EMPLOYEE ORGANIZATIONS NEED TO CREATE VALUE

Anyone involved with their union or employee organization would be well advised to read the recent article by Holman W. Jenkins, Jr. in the Wall Street journal entitled “What Labor Could Learn Form NFL Refs”. Jenkins, Jr. accurately concludes that the reason the NFL owners (a group not used to compromising) made major concessions to settle the labor dispute with the referees, was the regular referees bring significant value to the game. The NFL owners thought they could easily hire replacement referees and maintain the lockout of the regular refs indefinitely. But after three weeks of the regular NFL season, chaos reigned. The replacement referees were woefully inadequate and in some cases even decided the outcome of games. Fans, players and coaches were in an uproar. The NFL owners recognized the true value the regular referees bring to the game. The professionalism of the first string referees was definitely missed. But their greatest value comes from their judgment, confidence and ability to make accurate calls consistent with the NFL rulebook.

Another good article that takes off of Jenkins Jr’s piece is the Column of John Ortiz, the California State union member and columnist for the Sacramento Bee. Ortiz makes a good point, and one that this writer and my office has been asserting for years, Public Unions have a major PR problem. Ortiz notes, that unlike the NFL referees, public sector employees don’t typically have a sensational visual aide such as a blown touchdown call in the Packers- Sea Hawks game. Public employees often work in anonymity and it is rarely obvious to the public whether public sector employees are doing a good job or not. Public Employees labor groups argue that replacements such a private contractors lack the skill, expertise or commitment of unionized civil servants. That is really the same argument that NFL referees were making about their replacements.
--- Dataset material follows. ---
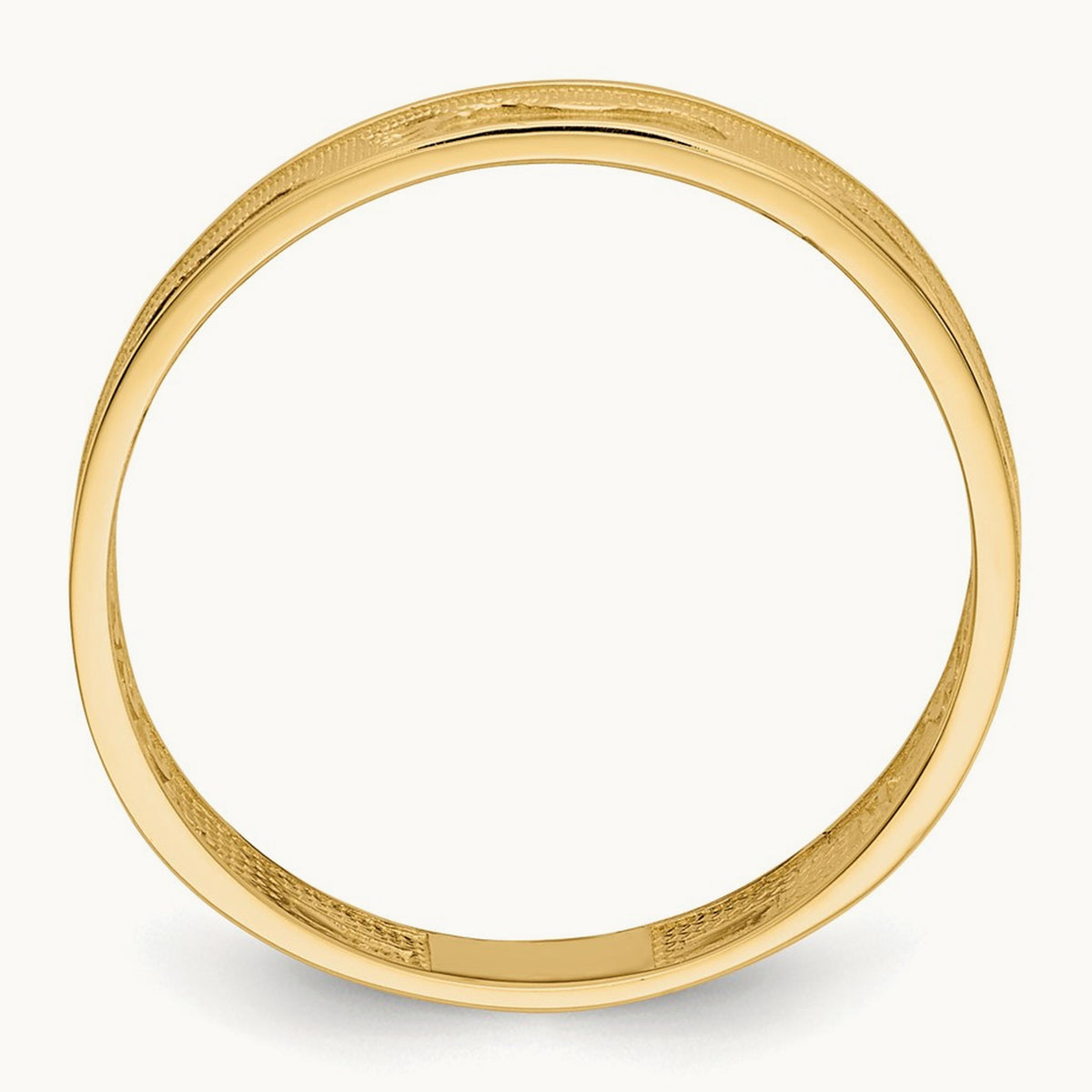 Footprints In The Sand Ring, 14K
Ortiz makes another good point when he comments on the depth of the pension fight. The NFL’s lockout of its referees was not over money. It was over pension benefits. The hang up was that the NFL owners wanted referees to move into a self-managed 401(k) plan. NFL owners were always willing to give the referees a significant pay increase for their part time work. The compromise deal requires that NFL refs get a defined benefit pension for 20 years of service and, after that, fall into a 401(k) style plan. The future hires go straight into a 401k plan. Sound familiar? It’s happening everywhere in both the public and private sector. Its interesting to note that the NFL felt that strongly about defined benefit pensions even though it is wildly profitable and approaching a $10 billion a year business. The Referees deal is another example of the social and political pressure on pensions.

Employee organizations and unions need to always look to bring value to the workplace and become indispensible to the employer, as opposed to being a significant economic expense and an enormous administrative headache. Find ways to make your employer more efficient, generate greater revenues, provide exponentially better service and generally perform better, that way your employer will never think about hiring replacements.